The Forgiven: insofferenza borghese e impunità di diritto

 
 

Due coniugi inglesi (Ralph Fiennes e Jessica Chastain) sono in viaggio verso Tangeri, diretti ad una festa lussuosa. Lei è una scrittrice di libri che non trova più ispirazione, lui, invece, è un medico che - forse - l’ispirazione non l’ha mai avuta. Mentre attraversano il deserto a tutta velocità (incuranti dello stato di alterazione alcolica) investono un ragazzo marocchino che muore sul colpo. I due non si preoccupano, adagiandosi sull’idea di essere - grazie alla loro condizione sociale - legittimati a godere (a vita) di un’impunità di diritto. Vanno alla festa, annoiati al pensiero di dover “sbrigare la faccenda” e intenti a distrarsi. Raccontano l’accaduto, mostrando - a testa alta - come il loro status li elevi ad una posizione di privilegio. “Quel ragazzo era uno qualunque, veniva da un villaggio sperduto”, dice il marito alla moglie, insinuando come nessuno potrà mai reclamarlo proprio per il suo essere “uno qualunque”, che nella folla si disperderebbe. Non ci sono testimoni o documenti, né preoccupazioni per la polizia, che perderebbe solo tempo a “sistemare scartoffie”. Il padre del ragazzo, però, non la pensa allo stesso modo e pretende che il colpevole dell’incidente lo accompagni a seppellire il figlio. Inizialmente i due coniugi, come d’abitudine, ipotizzano che voglia una somma di denaro come “risarcimento” del danno, ma l’uomo esige qualcos’altro che - sfortunatamente per loro - non si può comprare.

The Forgiven, basato sull’omonimo romanzo di Lawrence Osborne, edito in Italia da Adelphi con titolo Nella polvere, è il racconto di una conversione inizialmente forzata e poi spontanea. La pellicola - disponibile su Sky e Now Tv - analizza il confronto tra due diverse condotte. Confronto, però, sin dal principio impari, perché si tratta di una moralità che si scontra con un’amoralità. Il padre del ragazzo vuole che l’uomo si redima, più per se stesso che per restituirgli qualcosa che - naturalmente - non potrebbe mai essergli dato indietro. L’uomo, dal canto suo, accetta le condizioni del genitore senza opporsi, iniziando - man mano - a modificare l’atteggiamento e il linguaggio. Quelle che prima erano “persone diverse, che provano cose diverse”, diventano soggetti a cui chiedere - e sperare di ottenere - perdono. Le persone non svaniscono nel nulla, e non ci si può prendere gioco del mondo in eterno, pensando di sottrarsi - sotterrandosi? - solo perché si è sempre riusciti a rivalersi sugli altri rimarcando la propria posizione sociale. Se, però, da un lato la regia di John Michael McDonagh (fratello di Martin McDonagh) si focalizza sull’approfondimento psicologico dei personaggi, dall’altro la componente thriller ne risente, rallentandosi.

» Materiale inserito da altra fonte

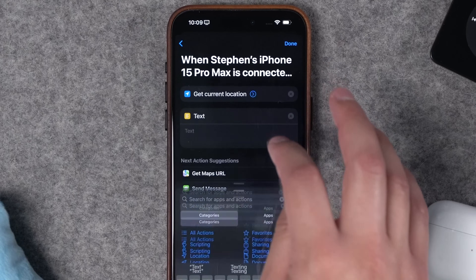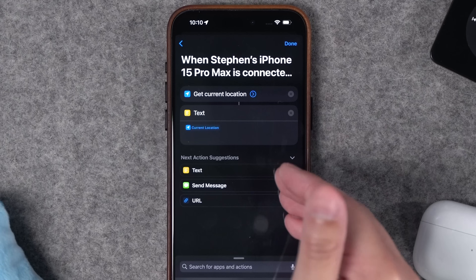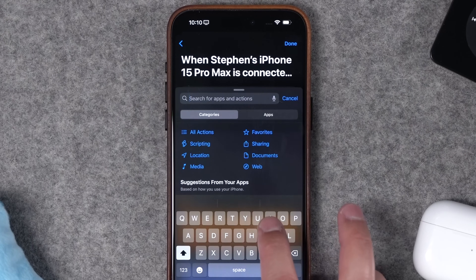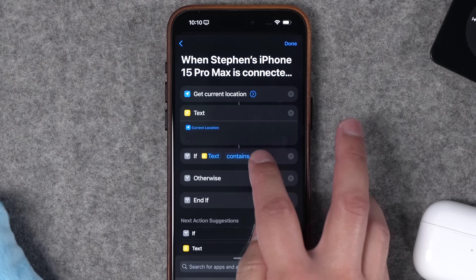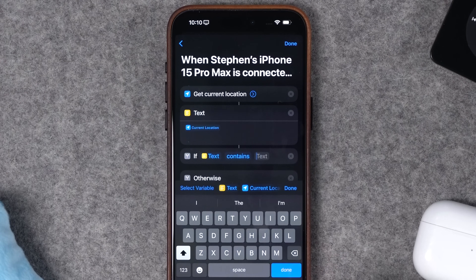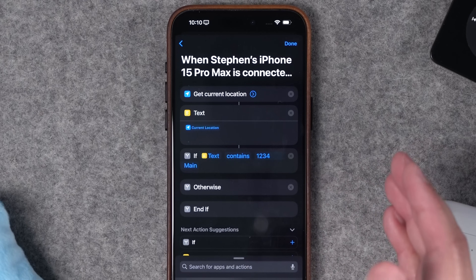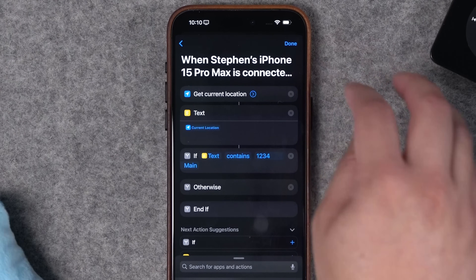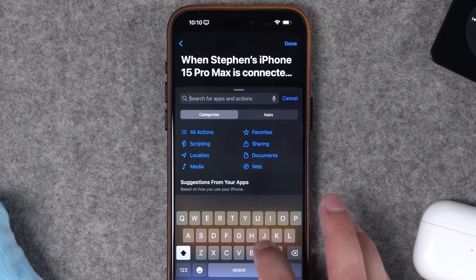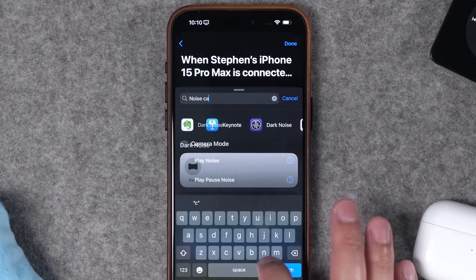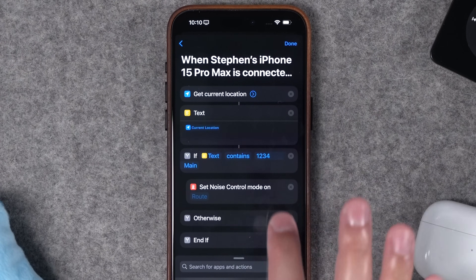Next, add a Text block — it makes the if-action easier to manage — and set it to the current location, which returns an address. Then add an If statement: if text contains your street address (something like '1234 Main,' or just your street name for a broader match). When your AirPods connect to your phone, if your current location is home, we'll look for the noise cancellation action, called 'Set Noise Control Mode.'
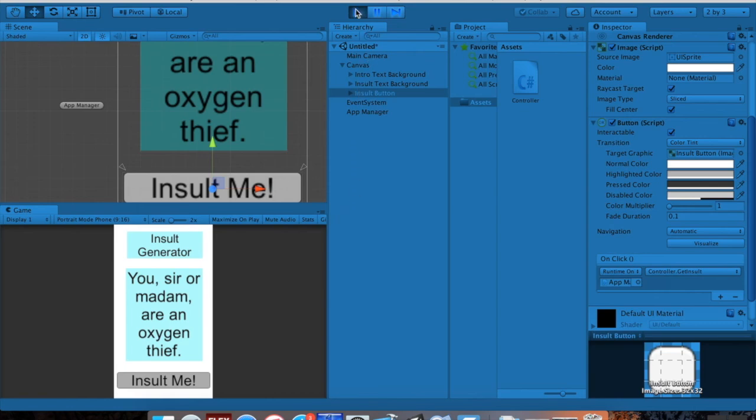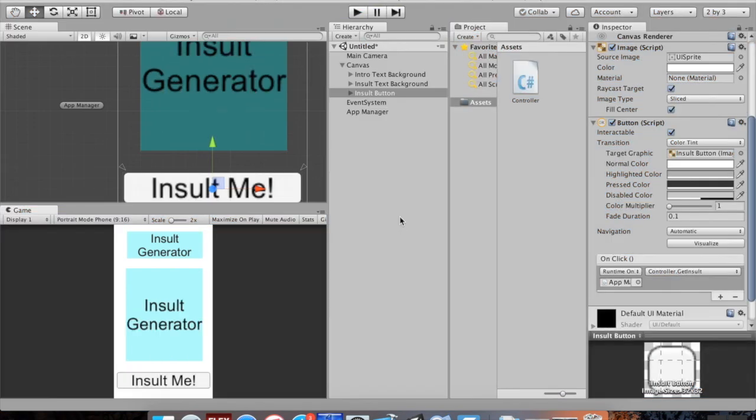That was an introduction to some computer science concepts and to Unity itself. Feel free to like the video or leave a comment if you have any questions — I will answer them. If you didn't like the video, feel free to dislike it. Otherwise, have a wonderful day!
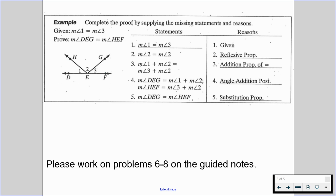Great job today, folks. With this in mind, please work on problems 6 through 8 on the guided notes. Please let me know if you have any questions. Keep making yourself proud, and I'll talk to you soon.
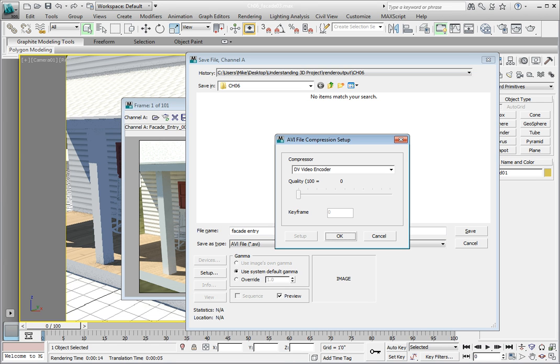However, if you had the same scene and everything in that scene was moving, the animation would not be able to be compressed as well because nearly all the pixels are changing from frame to frame.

La forza di The Forgiven sta nelle riflessioni (suggerite e mai imposte) sulla crudeltà del mondo e sulla possibilità di una redenzione impossibile, ma sperata. La pellicola - inevitabilmente - rimanda, poi, a Il té nel deserto di Bernardo Bertolucci: ci sono due coniugi protagonisti (anche in questo caso lei è scrittrice), che approdano a Tangeri e c’è un uomo che sembra conoscere la loro sorte, il Narratore. Spazio, azione (che diventa confusione), tempo: in entrambe le opere ci si sofferma sull’idea di perdizione - e smarrimento - e su quello da cui non si può fuggire. Il mondo può essere crudele per tutti, anche per chi crede di governarlo.